A library for Grammatical Error Correction evaluation.

Project description

gec-metrics

A library for evaluation of Grammatical Error Correction.

Install

pip install git+https://github.com/gotutiyan/gec-metrics
python -m spacy download en_core_web_sm

Or,

git clone git@github.com:gotutiyan/gec-metrics.git
cd gec-metrics
pip install -e ./
python -m spacy download en_core_web_sm

Common Usage

API

gec_metrics.get_metric() supports ['errant', 'gleu', 'gleuofficial', 'green', 'gotoscorer', 'impara', 'some', 'scribendi'].
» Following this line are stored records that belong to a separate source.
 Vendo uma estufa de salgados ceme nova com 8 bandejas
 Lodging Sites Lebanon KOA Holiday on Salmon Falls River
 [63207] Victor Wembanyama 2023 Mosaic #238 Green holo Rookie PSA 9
from gec_metrics import get_metric
metric_cls = get_metric('gleu')
metric = metric_cls(metric_cls.Config())
srcs = ['This sentences contain grammatical error .']
hyps = ['This sentence contains an grammatical error .']
refs = [
    ['This sentence contains an grammatical error .'],
    ['This sentence contains grammatical errors .']
] # (num_refs, num_sents)

# Corpus-level score
# If the metric is reference-free, the argument `references=` is not needed.
corpus_score: float = metric.score_corpus(
    sources=srcs,
    hypotheses=hyps,
    references=refs
)
# Sentence-level scores
sent_scores: list[float] = metric.score_sentence(
    sources=srcs,
    hypotheses=hyps,
    references=refs
)

CLI

  • As the corresponding configurations differ depending on the metric, they are described and entered in yaml. If no yaml is provided, the default configuration is used.
  • --metric supports ['errant', 'gleu', 'gleuofficial', 'green', 'gotoscorer', 'impara', 'some', 'scribendi'].
  • You can input multiple hypotheses,
gecmetrics-eval \
    --src <sources file> \
    --hyps <hypotheses file 1> <hypotheses file 2> ... \
    --refs <references file 1> <references file 2> ... \
    --metric <metric id> \
    --config config.yaml

# The output will be:
# Score=XXXXX | Metric=<metric id> | hyp_file=<hypotheses file 1>
# Score=XXXXX | Metric=<metric id> | hyp_file=<hypotheses file 2>
# ...

The config.yaml with default values can be generated via gecmetrics-gen-config.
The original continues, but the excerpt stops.